*** Block opens ***

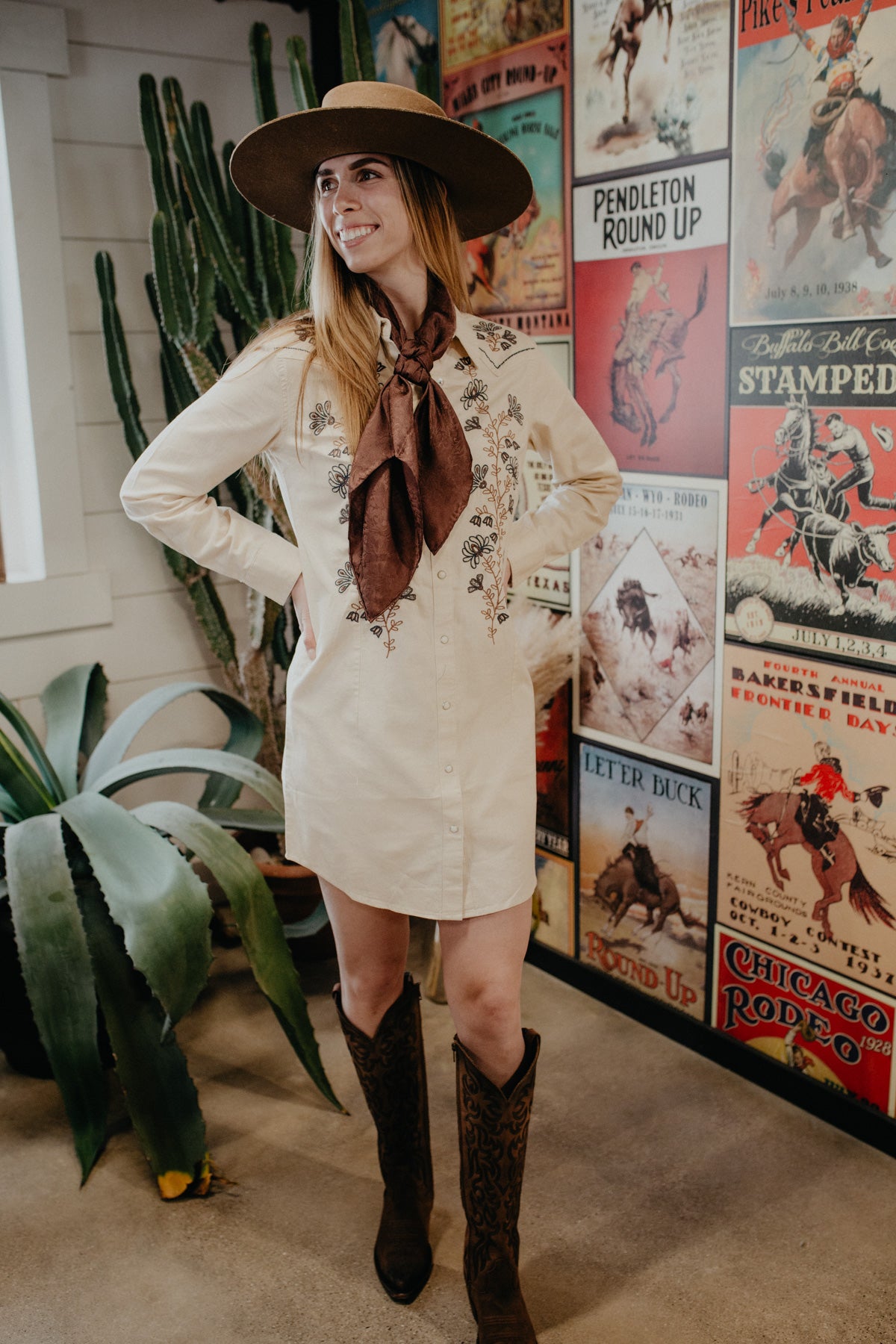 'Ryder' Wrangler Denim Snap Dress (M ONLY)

*** Block closes ***
*** Block opens ***

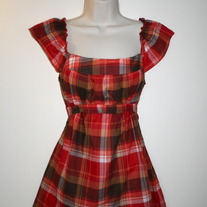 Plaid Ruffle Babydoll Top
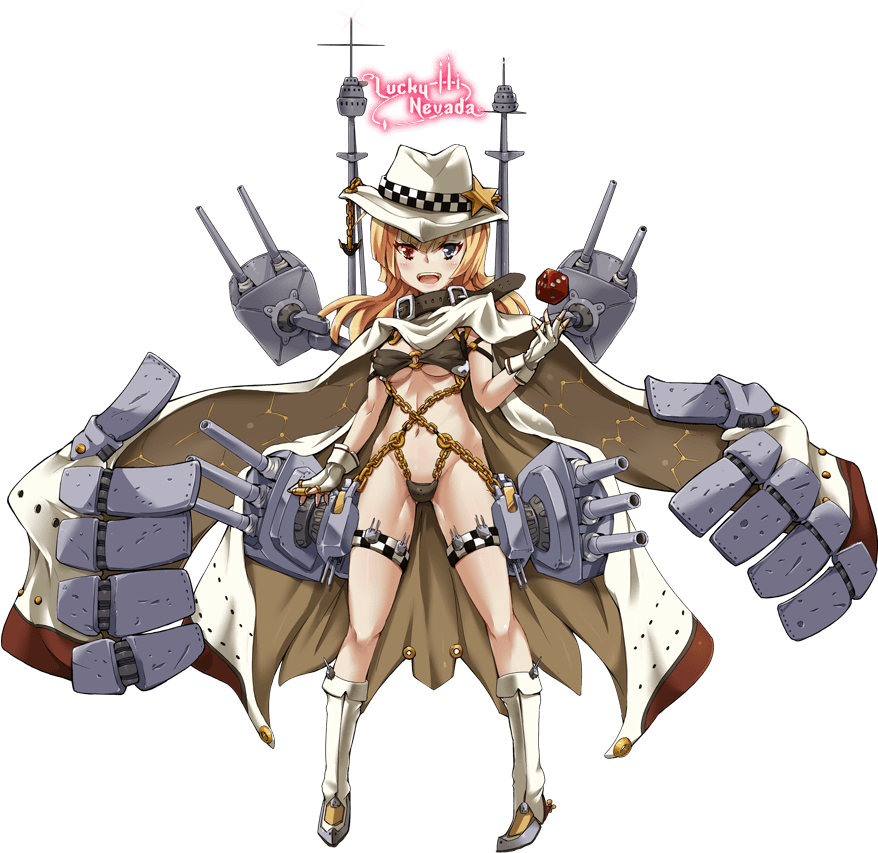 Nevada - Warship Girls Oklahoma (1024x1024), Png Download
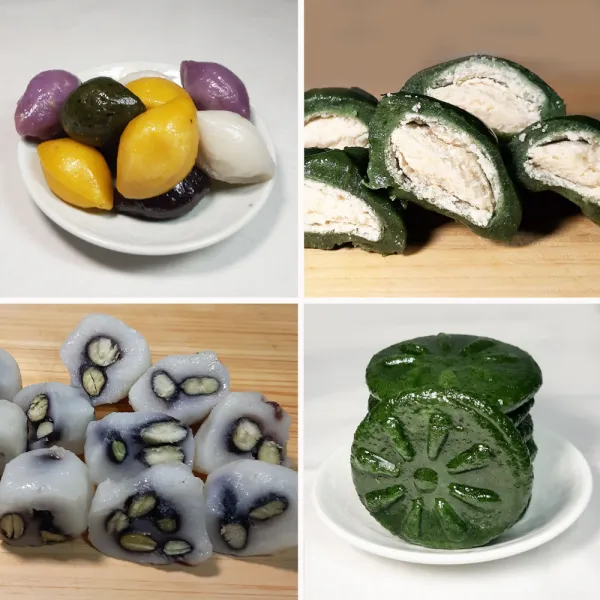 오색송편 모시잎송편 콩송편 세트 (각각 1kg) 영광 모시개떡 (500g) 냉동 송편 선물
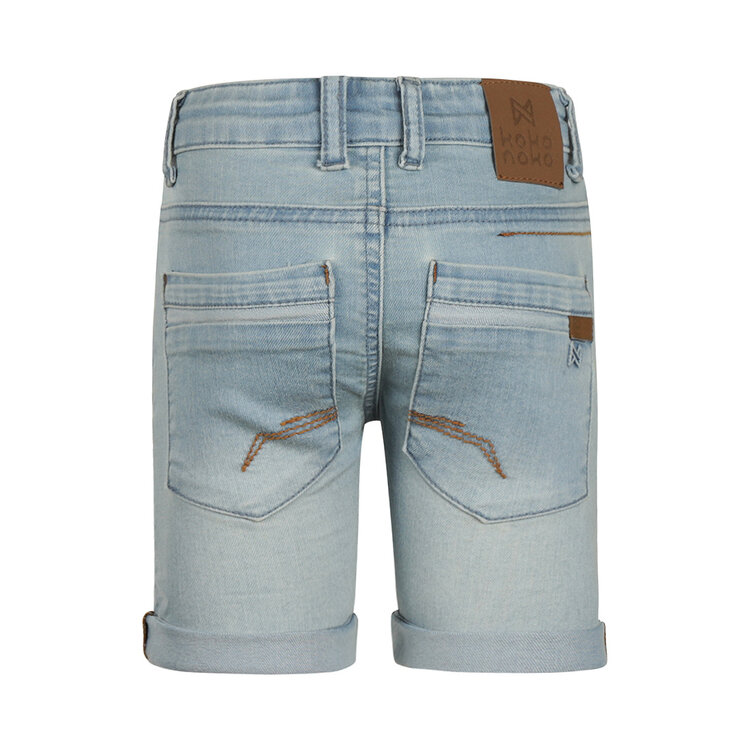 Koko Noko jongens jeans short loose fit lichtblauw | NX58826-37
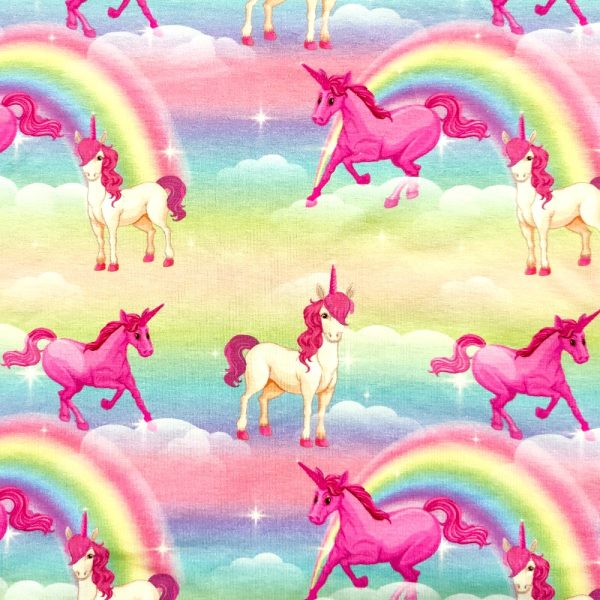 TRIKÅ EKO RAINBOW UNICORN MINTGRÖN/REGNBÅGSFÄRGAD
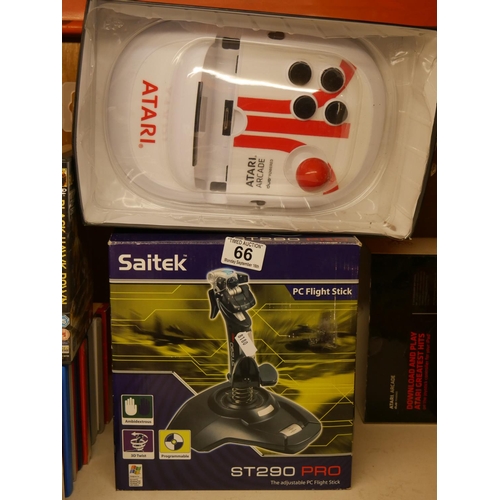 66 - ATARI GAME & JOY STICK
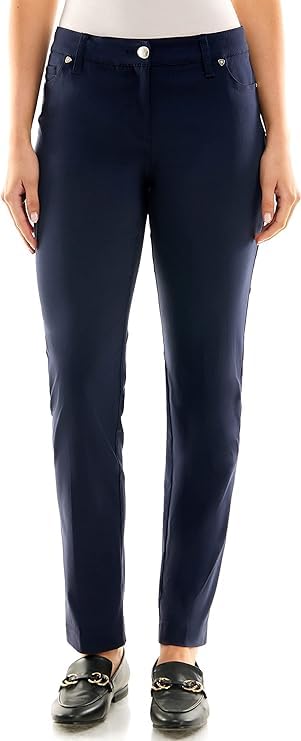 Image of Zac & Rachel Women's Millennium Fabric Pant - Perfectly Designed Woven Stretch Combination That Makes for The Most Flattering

*** Block closes ***

▸ TASK ITEM: Between and including the line above that contains "Nevada - Warship" and the line that contains "Image of Zac", restate every line word for word. Pictures stay out.

▸ SOLUTION TO THIS PROBLEM:
 Nevada - Warship Girls Oklahoma (1024x1024), Png Download
 오색송편 모시잎송편 콩송편 세트 (각각 1kg) 영광 모시개떡 (500g) 냉동 송편 선물
 Koko Noko jongens jeans short loose fit lichtblauw | NX58826-37
 TRIKÅ EKO RAINBOW UNICORN MINTGRÖN/REGNBÅGSFÄRGAD
 66 - ATARI GAME & JOY STICK
 Image of Zac & Rachel Women's Millennium Fabric Pant - Perfectly Designed Woven Stretch Combination That Makes for The Most Flattering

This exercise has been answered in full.